First Edition of  this exhibition catalogue of a selection of book arts from the Wellesley College Library, Special Collections. Small 4to; 88pp; bound in original green wrappers with red spine, title in white on cover, new. Published in conjunction with “ABC: the Artists’ Books Conference” held at Wellesley College on June 15-18, 2005, Ruth Rogers has made a selection from Wellesley’s impressive teaching collection of book arts, including such disparate titles as Vincent FitzGerald & Company’s FRAGMENTS OF LIGHT II (Rumi, 2004), Pacific Editions’ ANOTACIONES (Barry Lopez, 2000), Donald Glaister’s BROOKLYN BRIDGE, A Love Song (2002), Julie Chen’s ODE TO A GRAND STAIRCASE (Flying Fish Press and Triangular Press, 2001), Lynne Avadenka’s THE UNCOMMON PERSPECTIVE OF M.E.J. COLTER (Land Marks Press, 1992) and Verdigris Press’s TEMPETE ET CALME (Verne 2004). If you could not attend this event, you can still get an idea of the variety and the unifying themes that ran through the conference from this catalogue. Each selected title is illustrated in full color making this an invaluable reference. (9599)

 

106.  Satin, Claire Jeanine. Greek Alphabook Verba Volent, Scripta Manent.

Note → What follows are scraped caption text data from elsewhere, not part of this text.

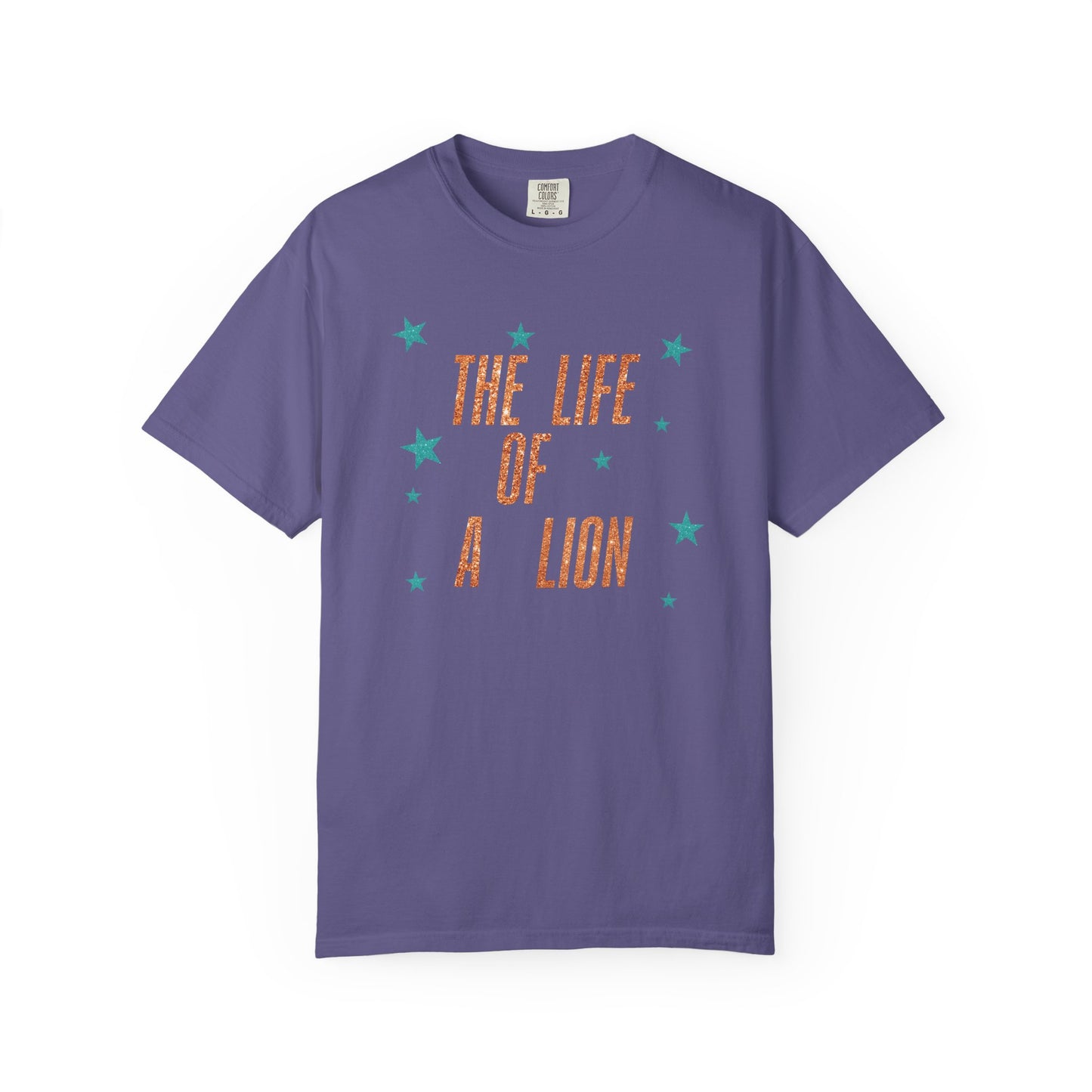 Adult Life of a Lion Faux Glitter - Comfort Colors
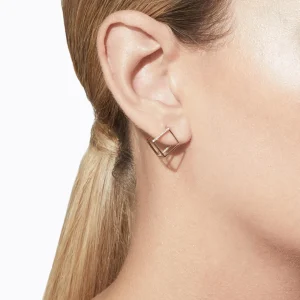 Diamond Square Earring 10 (01)^Shihara New
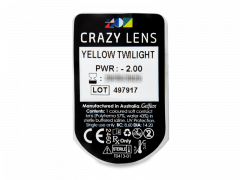 CRAZY LENS - Yellow Twilight - Endags dioptrisk (2 linser)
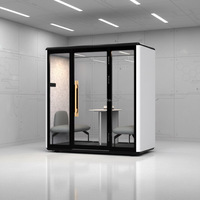 Cabine de bureau modulaire insonorisée portable Comine avec espace de travail acoustique pour les bureaux de coworking, les immeubles de bureaux et les entrepôts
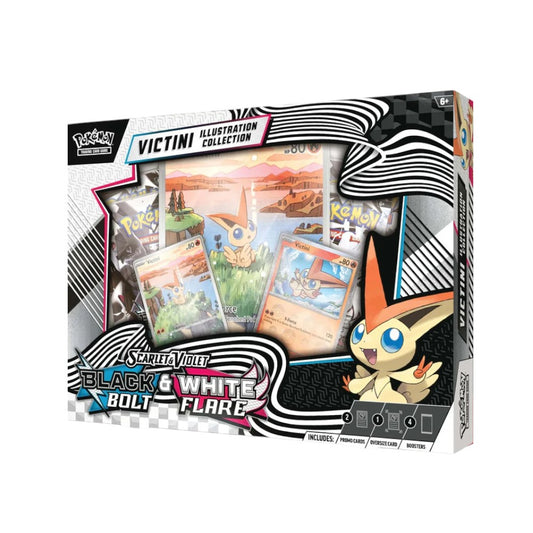 Pokemon Scarlet & Violet - Black Bolt & White Flare Unova Victini Illustration Collection English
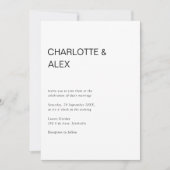 Schlicht elegante ein einladung (Vorderseite)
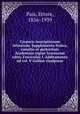 Corporis inscriptionum latinarum. Supplementa Italica, consilio et auctoritate Academiae regiae lynceorum edita. Fasciculus I. Additamenta ad vol. V Galliae cisalpinae, Pais, Ettore, 1856-1939 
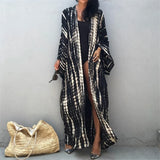 New 10 Colors Printed Long Sleeve With Belt Tunic Beach Cover Up Cover-ups Beach Dress Beach Wear Beachwear Female Women V4521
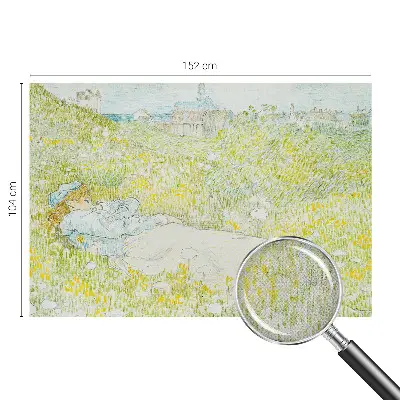 Fotomural decorativo para cabecero de cama con diseño 'Relajación primaveral' para dormitorio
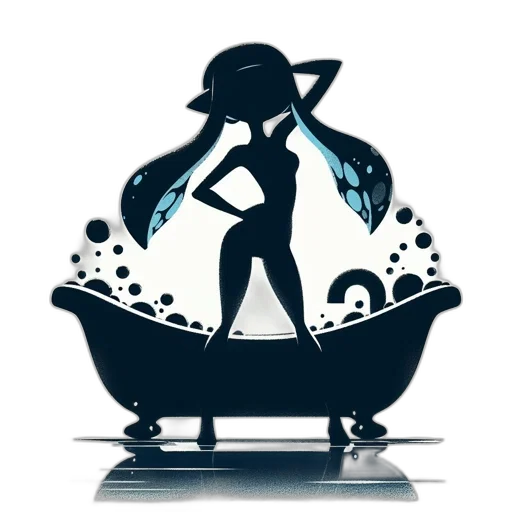 staff, jewelry, concept art, pixel art, fantasy art, anime, underwater, monochrome transparent PNG cut-out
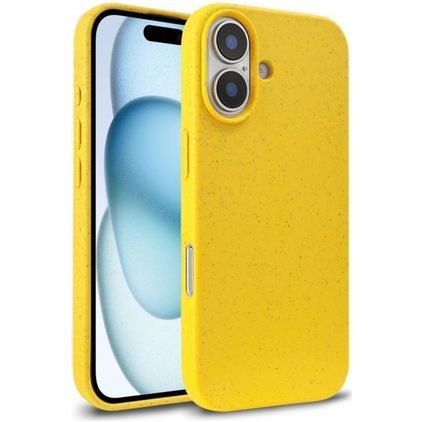 Mobigear Bio iPhone 18 Hülle Umweltfreundliches Backcover - Gelb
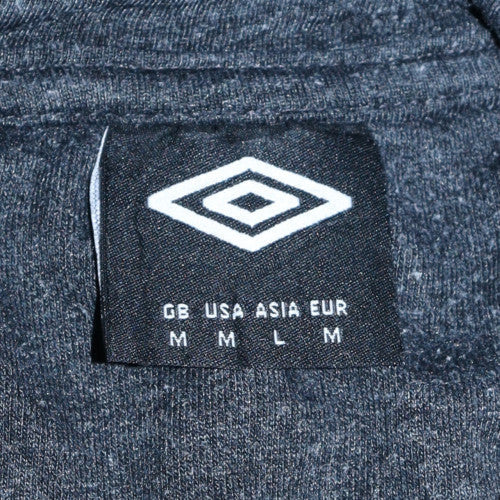 Mens UK Size M Umbro Blue Pullover Hoodie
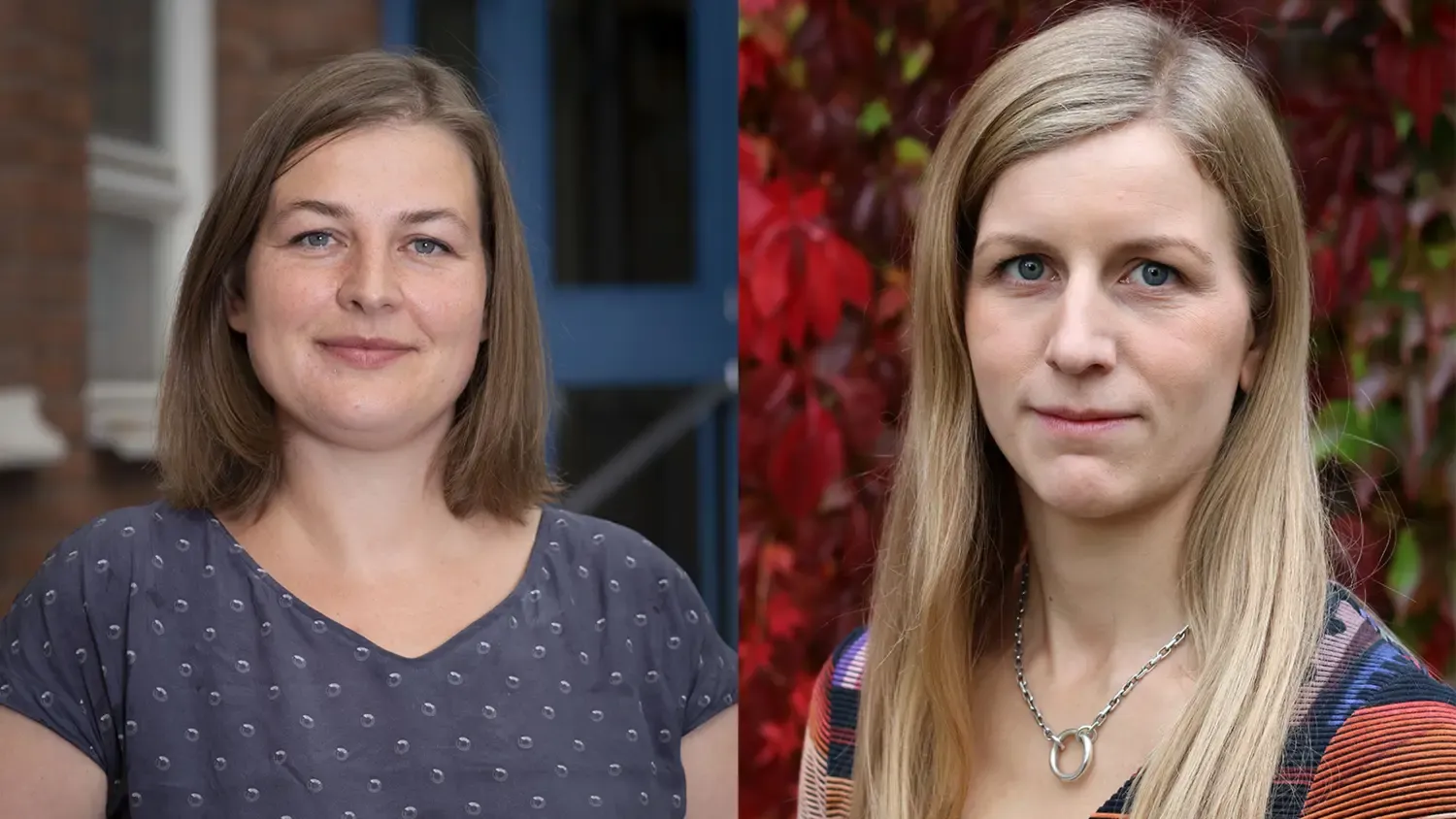 Porträtt på Janina Seubert och Karolina Kauppi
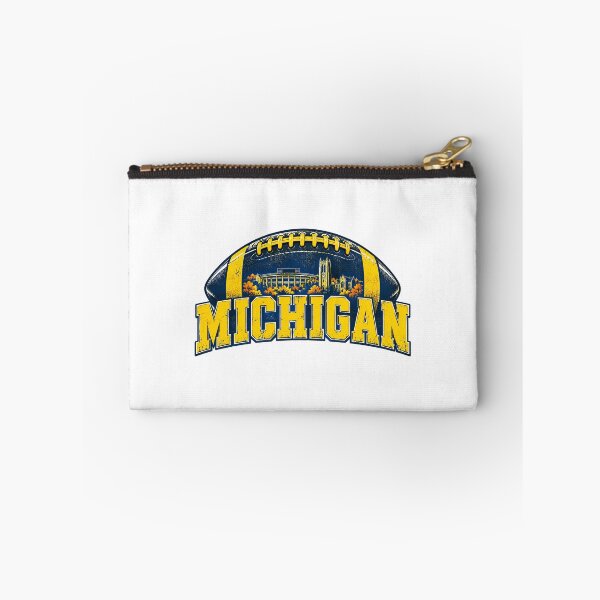 Item preview, Michigan Football Big House Skyline Vintage Graphic designed and sold by dartoffofo⭐⭐⭐⭐⭐.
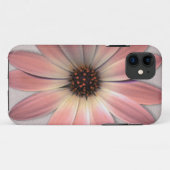 Roze Madeliefje - Nertsleer Textuur Afbeelding Ach Case-Mate iPhone Case (Achterkant (horizontaal))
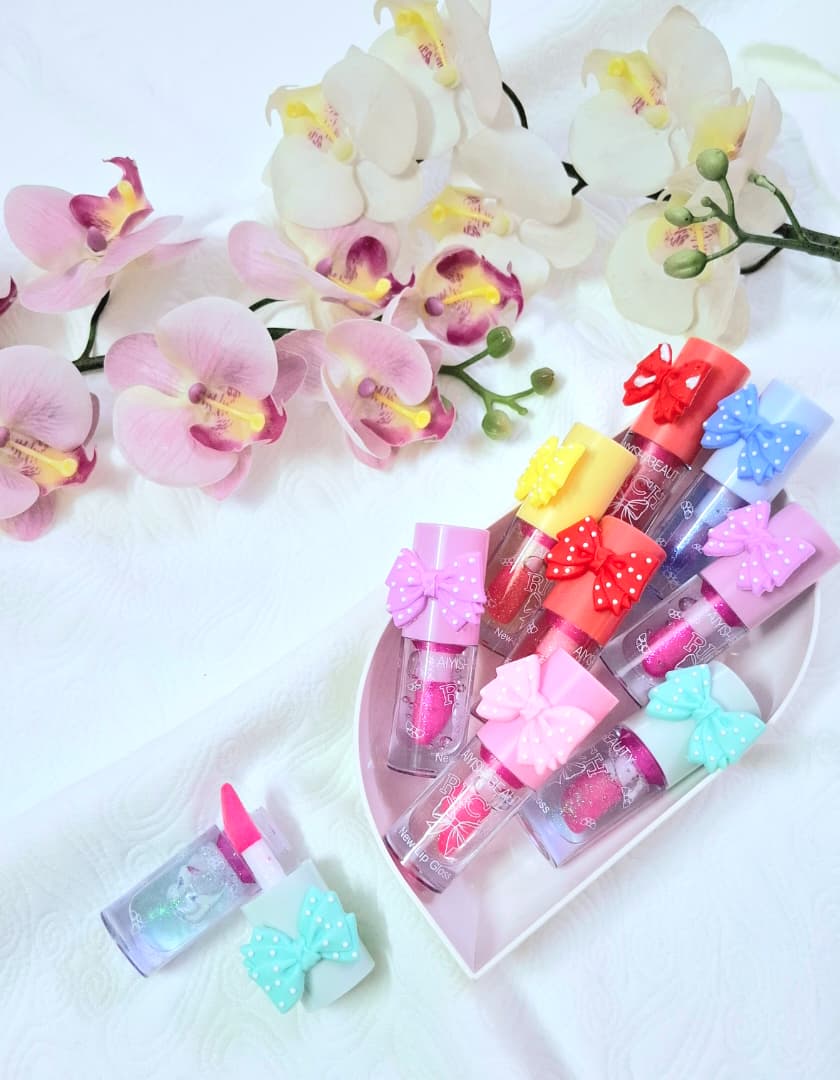 لیپ گلاس فانتزی پاپیونی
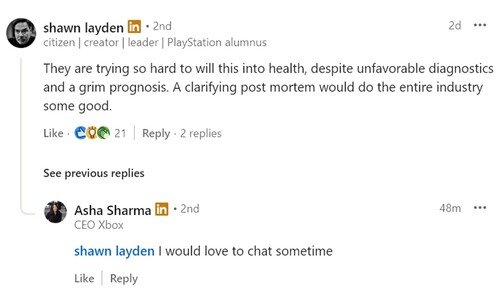 Shawn Layden comments on Xbox Game Pass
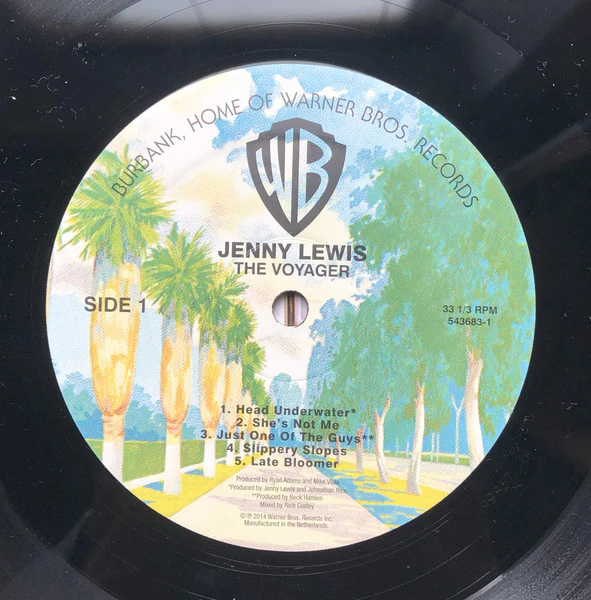 JENNY LEWIS, The Voyager (Warner Bros; 9362 493680, UK 2014, Gatefold, Insert) LP VG+/VG+ - Image 3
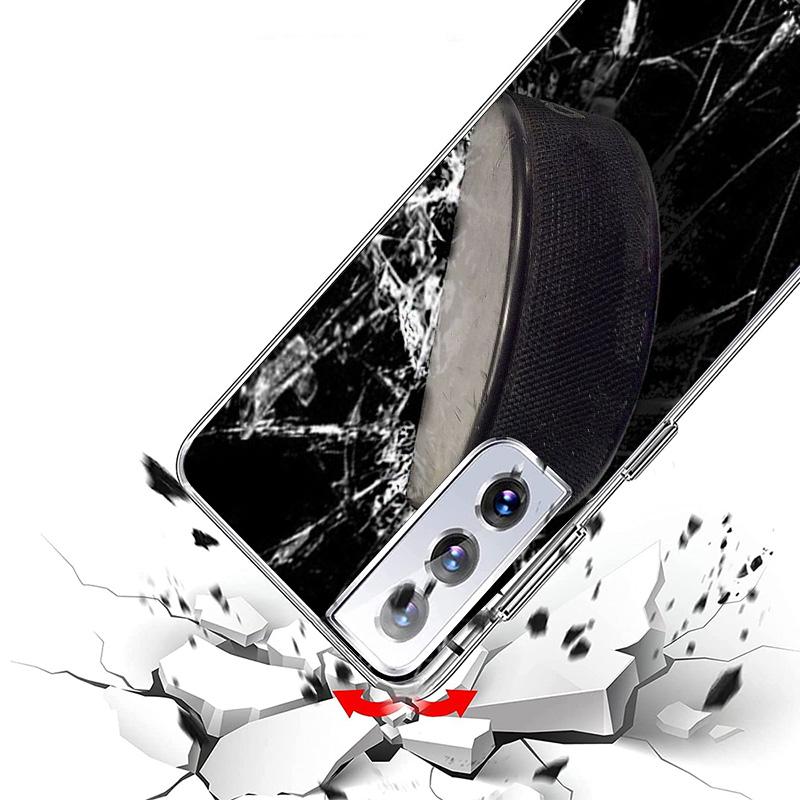 Ice Hockey Rink Sport Phone Case For Samsung Galaxy S24 S25 Edge S26 Ultra S23 S22 S21 Plus S20 FE + Personalized Print Cover Ga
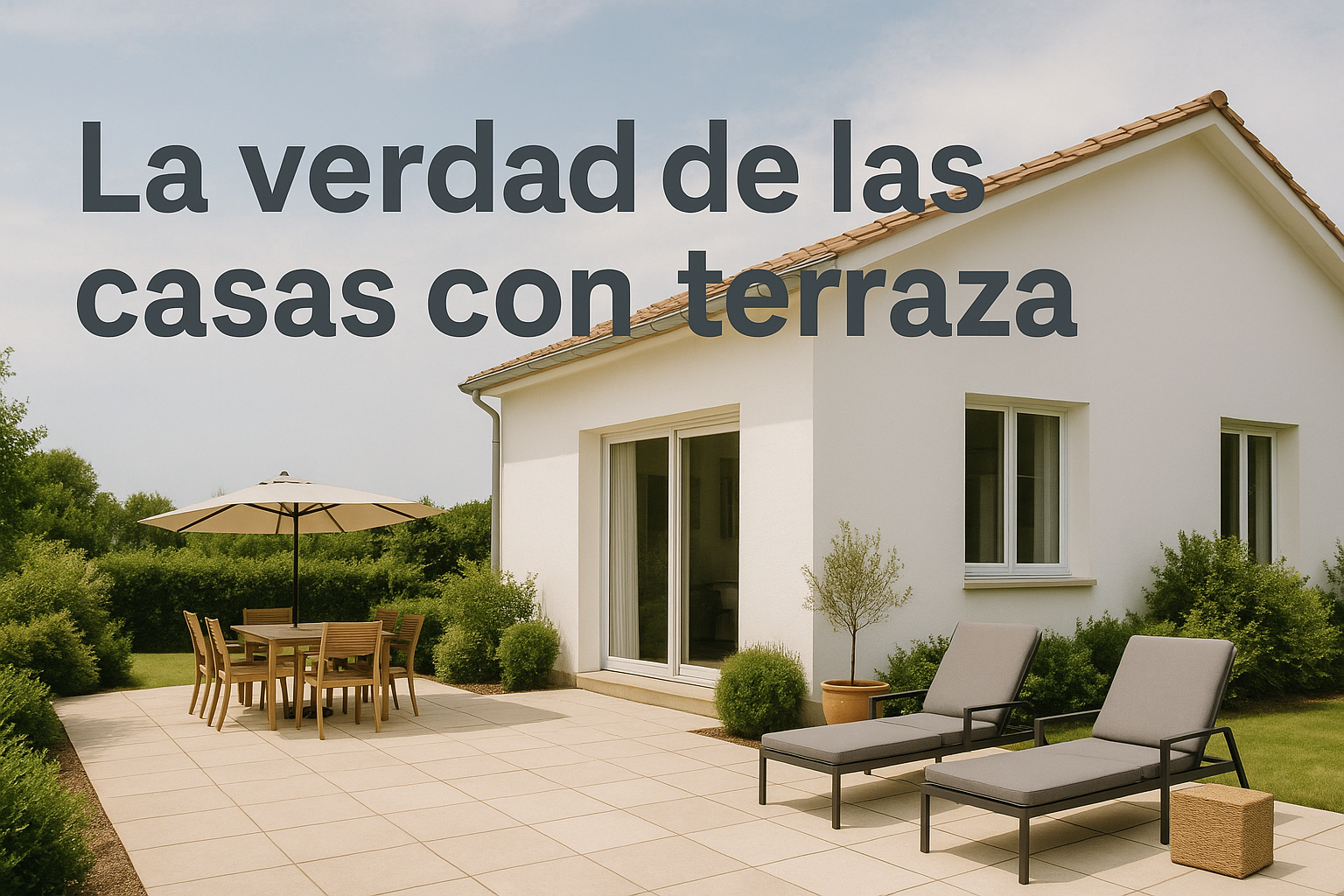 🏡 Viviendas con terraza: ¿realmente son más valiosas?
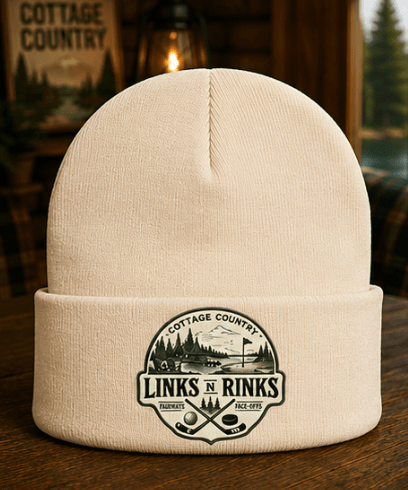 The Cottage beanie | Links n Rinks | Golf & Hockey Apparel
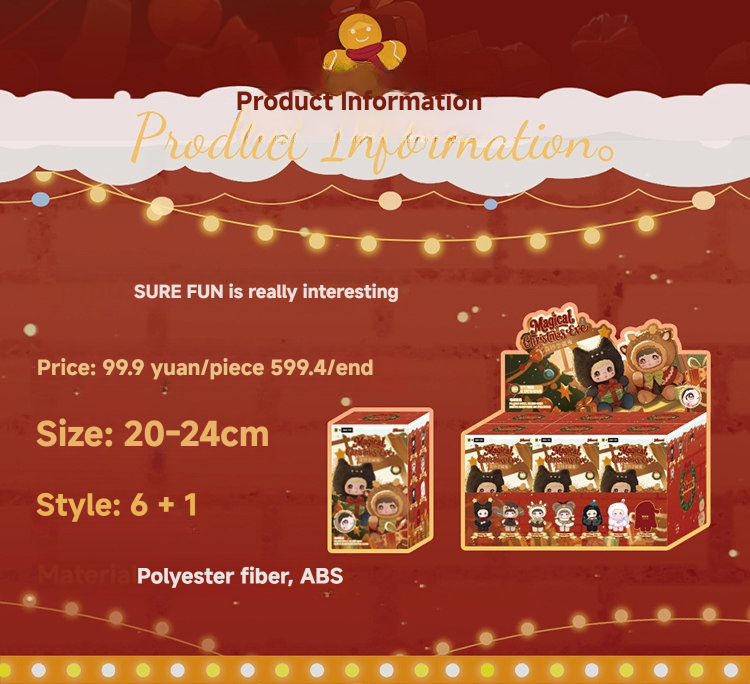 Nommi Christmas Eve Series Plush Blind Box Figures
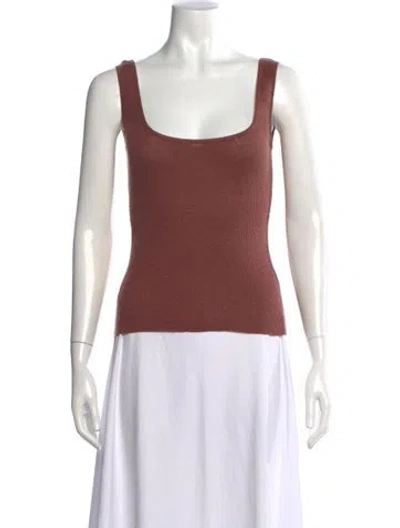 Pre-owned Kallmeyer Linen Scoop Neck Top W/ Tags In Red
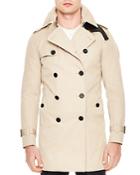 Sandro Magnetic Mid-length Trench Coat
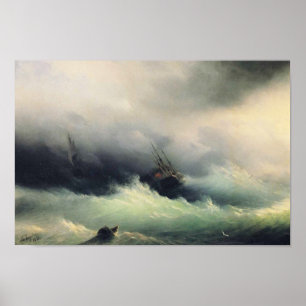 Póster Naves en una tormenta
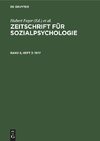 Zeitschrift für Sozialpsychologie, Band 8, Heft 3, Zeitschrift für Sozialpsychologie (1977)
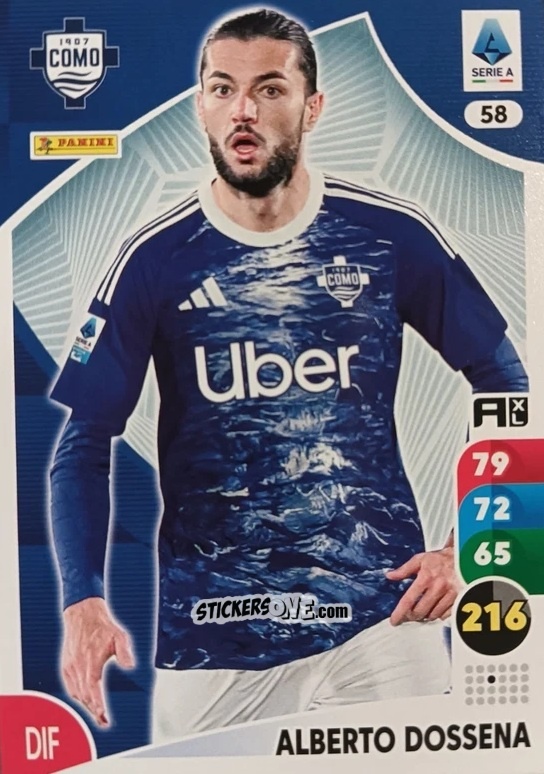 Sticker Alberto Dossena - Calciatori 2025-2026. Adrenalyn Xl n. 58 - Panini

Greek Letter. [Dania Beach, FL]: 1997.  $4,000

One of 11 copies, each unique, featuring a different form of alphabetic notation on a hand-made tile on top of the circular box housing the books. This is the version representing the Greek alphabet with the last letter of the Greek alphabet, Omega (capital), on the terracotta water-jet cut tile, with the Greek “O” in a deeper shade of terracotta with a surround of the same color as the cloth box. Each of the 11 book objects contains photo etchings and is printed on Fabriano Murillo paper with inks and metallic colors by Hanne Niederhausen in a series of booklets reproducing the 11 alphabets. The text pages are printed on Fabriano Ingres and Tiziano by Meike Niederhausen. The box holding the booklets is 14 inches in diameter and 1.75 inches high and is covered in blue Italian Cialux cloth with the words VERBA VOLENT, SCRIPTA MANENT stamped in gold gilt on the side and was constructed by Bob Muens of Bookbinding and Conservation. The tile atop the circular box measures 5-7/8 x 6 inches, was designed by Claire Satin and water-jet fabricated by Creative Edge Corporation. The circular box contains four pie-shaped booklets set into a divided tray; each booklet consists of four pages bound by a ¾ inch square terracotta tile and grommet at the narrow end of the pie-shaped pages. The grommet fastening allows the four pages to be fanned out, forming a circle 12 inches in diameter. Each page of the three booklets contains renderings of one of the eleven alphabetic notation systems that are the subject of this work. The letter is writ large; in small type is the entire alphabet along the perimeter printed in silver with the name of the alphabetic notations system printed in black. The fourth booklet contains 17 pages with text printed in black giving a history of each of the alphabets overprinted on an image in tan of the representative letter from that system. This booklet contains the Colophon page which is signed in pencil by the artist, Claire Janine Satin, with her notation as to which copy this is, in this case Greek. The other 10 alphabets included are: Prehistoric, Hieroglyphs, Hebrew, Chinese, Arabic, Mayan, Tibetan, Cyrillic, Cherokee, and Roman.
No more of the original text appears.